‘I love my country:’ Veterans spotlighted during Alabaster ceremony
By NEAL WAGNER / Managing Editor
ALABASTER – Vietnam War veteran and Alabaster resident Ron Jefferson has a simple message for his fellow veterans: Don’t be afraid to share your stories.
“We owe the young people something, because they want to know who you are,” Jefferson said during the city of Alabaster’s Veterans Day program on Nov. 10 at the Veterans Park memorial. “It’s not about us anymore. We have an obligation to the young people, because they want to know what we went through.”
Jefferson was the featured speaker during the city’s second-annual Veterans Day ceremony at the park, which drew about 40 people to the park’s veterans memorial.
Jefferson is the founder of the Last Man Standing Foundation, and is the last known living Vietnam veteran to have served five consecutive tours in the war.
At age 17 Jefferson entered the U.S. Navy in 1962 as a cook and was honorably discharged in 1974 as a Green Beret in the U.S. Army, rank Master Sergeant.
He earned many medals during his years of service including the Purple Heart and Cross of Gallantry.
In addition to his advice to veterans, Jefferson also shared some words of wisdom to the younger generation.
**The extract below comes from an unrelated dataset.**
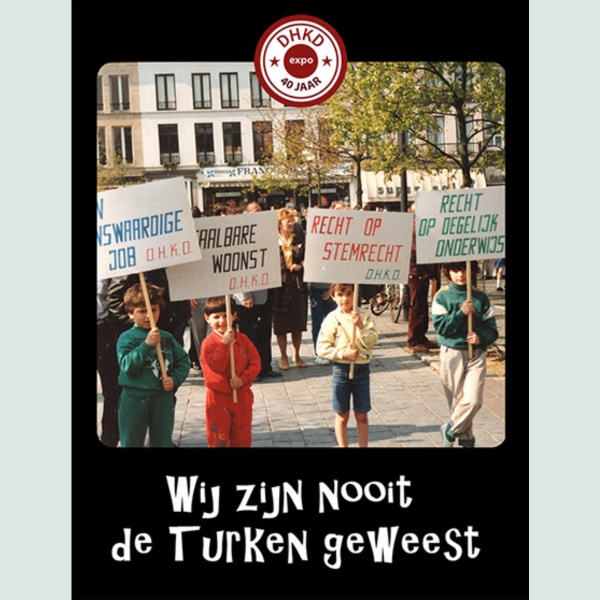 Affiche Expo Wij zijn nooit de Turken geweest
“Young people have a misinterpretation of heroes. I’m not a hero. I’m a warrior, but I’m not a hero,” Jefferson said. “I did what I did because I wanted to. We all took that oath, and nobody made us do it.
“But you do have an obligation to the people who put their lives on the line for you,” Jefferson added. “I served for you, because when I get old, you’re going to take care of me. I love my veterans, I love my young people and I love my country.”
The ceremony featured an invocation by First United Methodist Church of Alabaster Executive Pastor Arthur Harrison, the singing of the national anthem by Jennifer Matthews from Cultivate Church and a flag retirement ceremony and the Pledge of Allegiance by Boy Scout Troop 548.
“We are able to determine our quality of life at a local government level because of the sacrifices our veterans made,” said Alabaster Mayor Marty Handlon. “It seems we have so much to be thankful for, but it doesn’t really resonate with us until something like 9/11 happens.
“That really brought home to us how blessed we are, and it’s given us a greater appreciation to those who defend those freedoms.”